The Mutoshi Project is Anvil’s second copper project and is located on the Kolwezi Klippe in the western part of the Congo Copperbelt.
| Mutoshi Project | |
|---|---|
| Ownership | Anvil 70% - Gécamines 30% |
| Location | 10km east of Kolwezi in Katanga Province, DRC |
| Current Status | On care and maintenance since Q3 2008 |
| First Production | December 2005 |
| Royalties | 2.5% of gross turnover to Gécamines and 2% NSR to DRC Government |
| Mining Agreement | DRC Government review of mining agreement was completed July 2009 |
The Company announced in July 2009 that it had completed an agreement with Gécamines and the Government of the DRC on the terms of its Mutoshi Joint Venture ("JV") agreement. The terms of the amended agreement were disclosed in the July 20, 2009 press release.
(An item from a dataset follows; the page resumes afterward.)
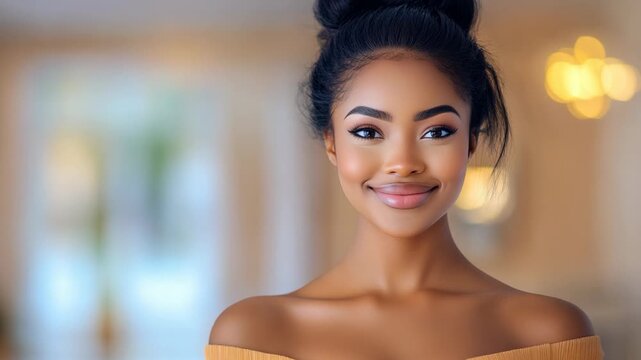 Close-up headshot portrait of beautiful Polynesian woman with flawless skin, natural beauty concept with elegant expression and soft glowing light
The Mutoshi Project Stage I is located in an area known as the Kolwezi Klippe, a major copper-cobalt district. The mining of the coarse reject tailings deposits, which require no waste stripping, drilling or blasting, started in late 2005 but ended in Q3 2008. Production in 2007 and 2008 was disappointing, due to persistent artisanal mining activity and heavy rainfall from October to April, which removed and redistributed the coarser grained, higher grade fraction of the resources further downstream. The remaining material which is finer grained and lower grade, negatively impacts the recovery in a HMS circuit.
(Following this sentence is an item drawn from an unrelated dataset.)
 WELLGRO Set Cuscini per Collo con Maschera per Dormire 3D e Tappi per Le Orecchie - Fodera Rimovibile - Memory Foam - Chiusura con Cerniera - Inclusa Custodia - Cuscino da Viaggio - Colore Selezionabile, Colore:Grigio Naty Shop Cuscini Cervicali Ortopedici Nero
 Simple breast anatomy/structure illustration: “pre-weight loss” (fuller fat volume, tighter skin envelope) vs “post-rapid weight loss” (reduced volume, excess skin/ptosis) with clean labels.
Owing to the progressively lower metallurgical recovery from processing finer grained, lower grade material that was being encountered as mining progressed further downstream, the Company decided in Q3 2008 to suspend mining operations. Due to higher operating costs and the sharp decline of the copper price, the Company placed the Mutoshi mine on care and maintenance during Q3 2008.
A Scoping Study completed in 2009 examined the potential for transitioning the Project in stages from the existing HMS operation to SX-EW processing of oxide open pit mine feed. This study indicated that the potential exists for developing a large bulk mining operation to process copper and cobalt deposits surrounding the old Mutoshi mine. Further exploration and infill drilling is required before a Mineral Resource estimate can be reported. In addition, further metallurgical testing and process engineering is required.
| Classification | Estimation Date | Thousand Tonnes | Copper Grade (%) | Contained Copper Metal (Tonnes) |
|---|---|---|---|---|
| Indicated (coarse tailings) | Sept. 30, '08 | 1,500 | 2.30 | 34,500 |
| Indicated stockpile (coarse tailings) | Dec. 31, '08 | 102.7 | 3.70 | 3,800 |
| Concentrate stockpile | Dec. 31, '09 | 2.5 | 17.0 | 425 |
| Total Indicated (coarse tailings & concentrate stockpile) | 1,605.2 | 2.41 | 38,725 | |
| Inferred (coarse tailings) | Sept. 30. '08 | 500 | 3.55 | 17,750 |
- Mineral estimates have been classified and reported using the guidelines of the Australasian Code for Reporting of Exploration results, Mineral Resources and Ore Reserves (the JORC Code). These guidelines are generally consistent with those of the Canadian Institute of Mining and Metallurgy ("CIM").
- The Kulumaziba River tailings provided feed to the Mutoshi Stage I HMS plant, which ceased processing in the third quarter of 2008.
Scoping studies undertaken to date no longer account for the recovery of fine tailings and hence these are no longer included in the Resource and Reserve statement.
- No cut-off grade was used for the river tailings estimate.